*Collection entries:*

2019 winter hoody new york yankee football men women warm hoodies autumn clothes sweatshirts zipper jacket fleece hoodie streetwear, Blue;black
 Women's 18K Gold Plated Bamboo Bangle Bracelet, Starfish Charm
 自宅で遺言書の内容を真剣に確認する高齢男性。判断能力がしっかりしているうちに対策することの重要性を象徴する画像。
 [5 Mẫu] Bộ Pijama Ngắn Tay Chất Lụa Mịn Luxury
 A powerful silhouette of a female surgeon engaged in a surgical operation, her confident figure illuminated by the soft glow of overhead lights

*What the task asks:* When you reach the line containing "Women's 18K Gold" in the data above, retype it and each line after it through the final one, exactly as written.

*Response box:*
 Women's 18K Gold Plated Bamboo Bangle Bracelet, Starfish Charm
 自宅で遺言書の内容を真剣に確認する高齢男性。判断能力がしっかりしているうちに対策することの重要性を象徴する画像。
 [5 Mẫu] Bộ Pijama Ngắn Tay Chất Lụa Mịn Luxury
 A powerful silhouette of a female surgeon engaged in a surgical operation, her confident figure illuminated by the soft glow of overhead lights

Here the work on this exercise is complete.